Felipe Salto, an economist for Tendencias consultancy, said that to recover credibility while accounting for what’s politically possible, the government will likely need to target a primary budget surplus of about 2.5 percent of GDP in 2015.
By comparison, that goal, which excludes debt payments from the fiscal balance, is set for 1.9 percent in 2014. However, most analysts said in a Reuters poll last month that they expect the government to miss that target as it ramps up election-year spending, making the 2015 adjustment that much more traumatic.
Meanwhile, there are other distortions waiting to be fixed.
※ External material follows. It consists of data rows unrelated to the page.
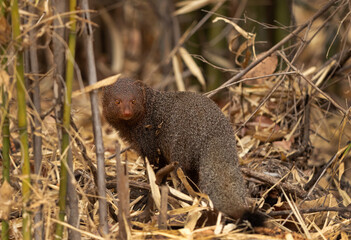Closeup of a Ruddy mongoose in Tadoba Andahari Tiger Reserve, India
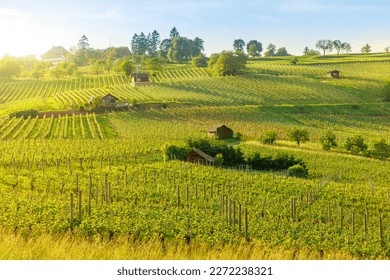 Aerial landscape between terraced vineyards of Hallau winegrowing village in Hallauerberg mountain. Swiss countryside and famous wine tasting region. Schaffhausen Canton of Switzerland.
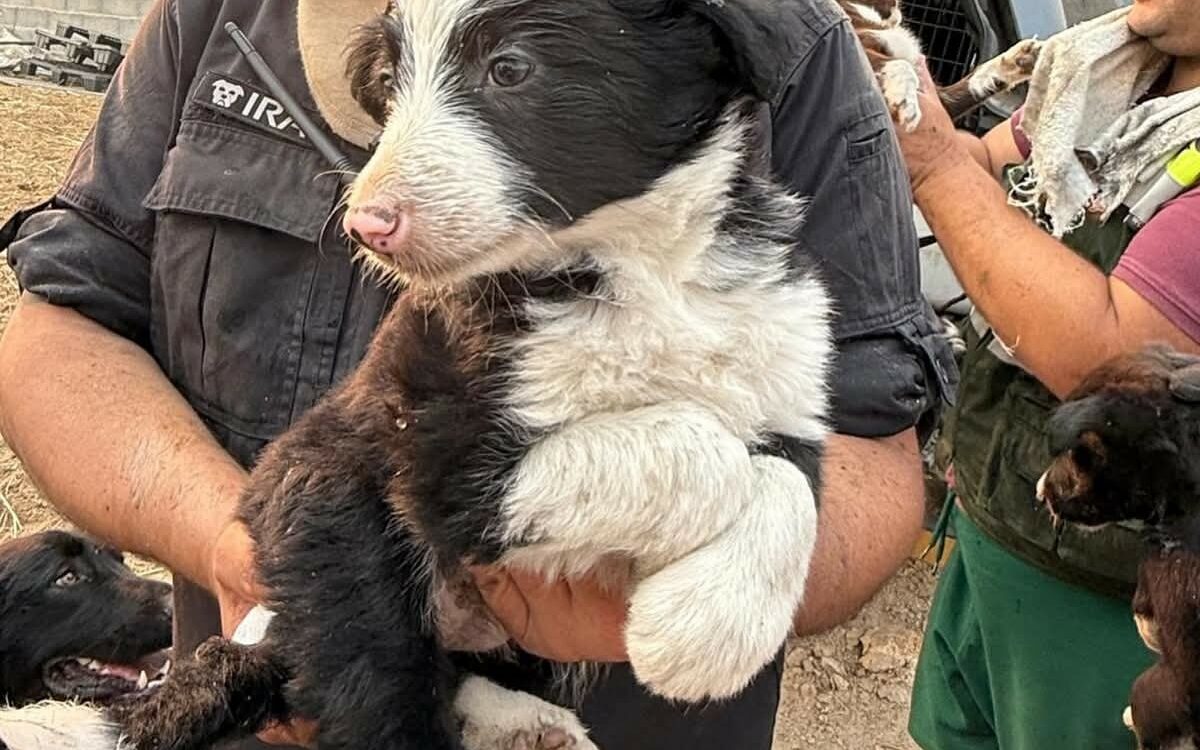 Cadela e ninhada sobrevivem a incêndio devastador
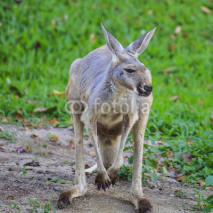 Naklejki Beautiful young kangaroo in grass 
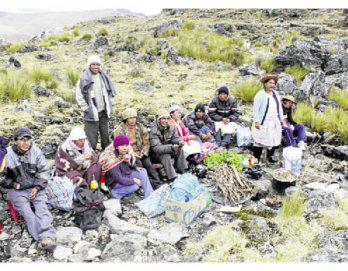 El antes y el ahora de los pagapus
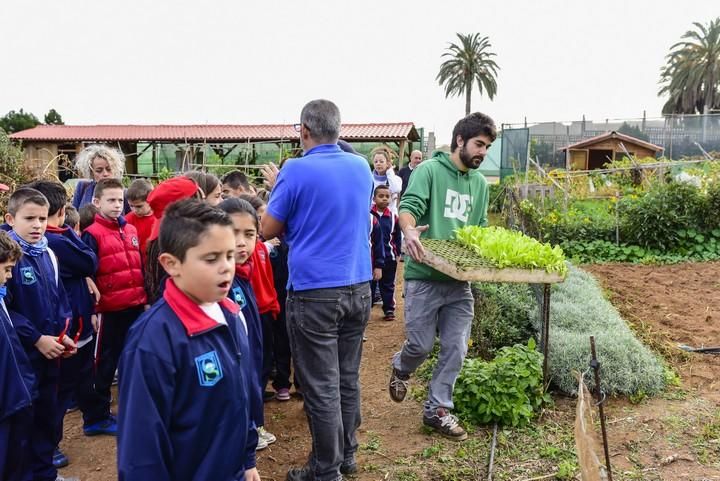 Visita escolar a la Granja Agricola del Cabildo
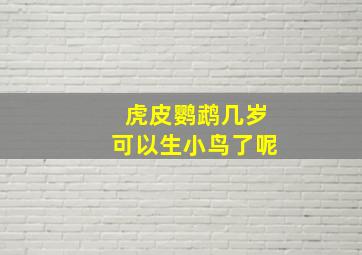 虎皮鹦鹉几岁可以生小鸟了呢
Rousseff’s policy of keeping fuel prices artificially low has helped subdue inflation, but it can’t last forever. The gap between local gasoline prices and those abroad has hovered at about 11 percent, with a 19 percent gap for diesel. That has caused huge losses for Petroleo Brasileiro SA (PETR4.SA), the state-run energy company known as Petrobras.
For Petrobras to be able to afford its ambitious investment plan to develop offshore oil reserves over the next decade, which the company recently scaled back because of its struggles, the next president must raise fuel prices. That would take money out of consumers’ pockets.
Other pent-up pressures are coming from a severe drought pressuring electricity prices; a freeze on bus fares in place since nationwide street protests last June; and the growing tax burden posed by Brazil’s generous pension system.
None of those issues are expected to be fully dealt with until after the election is over.